Two of my aunts were teachers. One taught in Northern Inishowen in Donegal in a two-teacher school where I used see the children arrive with turf under their arms to keep a somewhat bleak windswept school building warm.  Coming, as I did, from a recently built well-heated large Dublin school, I wondered if anything good could come out of that school: “can anything good come out of Nazareth?”  The interesting thing, as I learned only recently, was that out of that school came four school principals, two ambassadors and many more highly successful men and women.  The explanation for that was “the Master”, the male teacher, who was a genius who inspired a passion for learning.

That Master was extraordinary but he was by no means an exception.  The country was full of schools with many physical inadequacies and yet the produced some of Ireland’s finest.  Today we are facing many challenges in the area of education and there will inevitably be less money available for what are extravagances but not even for basics.  This will have its negative effects, but there is one thing that I can say without fear of contradiction.  Teachers will never fail in the duty towards their children.  Teachers who have a passion for teaching will continue to send out from their schools children with a passion for learning.

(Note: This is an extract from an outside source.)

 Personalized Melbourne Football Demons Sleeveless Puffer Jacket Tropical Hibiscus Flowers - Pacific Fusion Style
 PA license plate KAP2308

Last year we celebrated the Beatification of Cardinal John Henry Newman, who had worked here in Dublin as the first Rector of the Catholic University of Ireland.  His task of establishing the University was faced with enormous challenges.  There was no precedent. There was no ready pool of Catholic intellectuals since Catholics had not been able to study at third level.  There was political objection and the degrees of the University had little recognition. The Archbishop of Dublin – always the villain – while enthusiastic was fearful of innovation in education.  Added to all of this, Newman began his work just two years after the end of the Great Famine when resources were at zero and the people were still living in a state of trauma and anxiety and fear that such a calamity might repeat itself.   People were concerned with surviving and little more.

What was Newman’s response in the face of such a negative starting point?  His response was that of vision and idealism.   In those years, Newman wrote what is still today considered one of the greatest works, not just on of the “Idea of a University” but on the value and purpose of a broad, liberal education, of an educational community which embraced people in their totality.

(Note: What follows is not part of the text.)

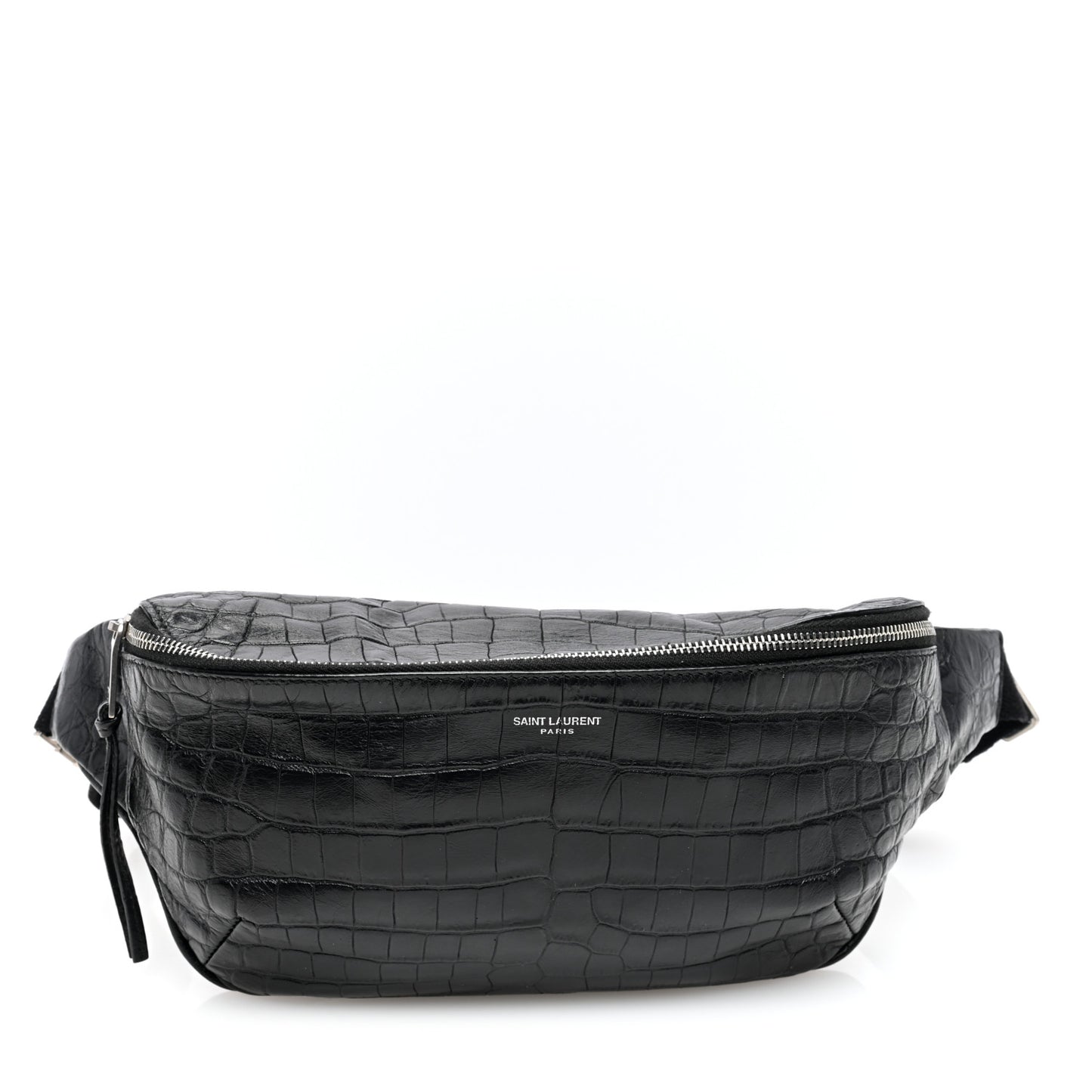 Calfskin Crocodile Embossed Monogram Belt Bag Black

This current moment of unprecedented economic challenge, when the cost of public services must inevitably be reduced, is not the moment to loose our vision of the centrality of education or our ideals of what education is about.  Vision and idealism are not just the fashion of better times.  They are essential – indeed more essential - also in a time of downturn.

The real success of the Ireland of the past twenty years was not the high salaries, the house and the second house, the holiday and the car.   They only misled our search for the meaning of what success is and in any case for many they are gone.   The real success – what still remains – was, and is our people, our young people and those who enabled our young people to realise their talents and to use their talents for the common good.

        A correct vision of education remains today the key to real and lasting success for individuals, for our communities, our economy and our nation.    Any economic reform-package which does not recognise this is short-sighted.    Financial cutbacks may well be inevitable and indeed necessary.  But cutbacks can be blunt instruments, especially for the poor and disadvantaged, if there is no focus and targeting on what enables us to produce - across the entire economic and social board - a new generation of talented and innovative young people.

         The tradition of Catholic education of which you are the heirs today was marked in a special way by reaching out to the disadvantaged and offering them something extra which enabled them to step into the mainstream of society and indeed to become leaders of that society.   The tradition of Catholic education of which you are the heirs today saw that education, to paraphrase some words of Pope Benedict, is not just about teaching the “how” questions, but also about asking the “why” questions.  Education is about leading young people into a genuine search about the deeper questions about life.  Through an appreciation of the message of Jesus Christ, Catholic education can lead children to find a sense of meaning and purpose and hope in life when they are embraced by a style of schooling which gives them a sense of self-respect and self-esteem and the ability to reach out in a similar vein to others.

      This was sadly not always the case.  The cost of failing to live up to the vision of Catholic education is seen in the life-long hurt that those who had such bad experiences carry with them.

      Where is the future of the Catholic school?  As society becomes more affected by secularising tendencies, the future of Catholic schools is certainly not in weakening their Catholic identity.  Catholic identity is not just about some vague ethos or a vague mission statement beautifully framed.  It is about Jesus Christ, through whom God reveals himself.   Catholic education must be rooted in a broad vision of what Catholic means.  The Catholic school belongs within a Catholic faith-community.  It involves a values complex to which belong families, parish community and the broad reality of Church life and activity.

       The particular educational excellence which marks Catholic education will only survive if Catholic schools are really Catholic, inside their walls and within the broader community.  The Catholic Church in Ireland has recently launched a new National Directory for Catechesis: Share the Good News, which presents a wide range of proposals regarding Catholic education in the broadest sense.

There are today a substantial number of parents in Irish society who do not wish their children to be involved in a Catholic or even a religious-based education.  That is their right and it is the responsibility of the State to ensure that they can exercise their right. There is also a substantial sector of Irish society which wants their children to enter into a process of Catholic education in the fullest sense.  The rights of both sets of parents are enshrined within the Irish Constitution and in the major international human rights instruments including the Charter of the Rights of the Child.

The future will bring a plurality in the forms of patronage in Irish schools.  This is enrichment.  There is almost a sense of contradiction when pluralism is invoked to favour total uniformity in educational provision.  Pluralism in patronage does not mean ghetto-ism.  It must be accompanied by programmes of interaction which recognise diversity and which foster mutual respect in diversity.   I believe that the various Christian Churches, while respecting each other’s identity and culture and difference, could work more closely to support their witness in today’s world to our common faith in Jesus Christ.

We live in difficult times and in challenging times.  We face many cultural, social and political unknowns.  In the face of this challenge we need to remember the words of our first reading “I remind you to rekindle the gift of God that is within you… and with the help of the Holy Spirit who dwells in us look after the precious things given us in trust”.  What greater trust can be given us that of enabling the young people of tomorrow to fully realise themselves in the image and likeness of God their creator.

May the Lord accompany you in your task!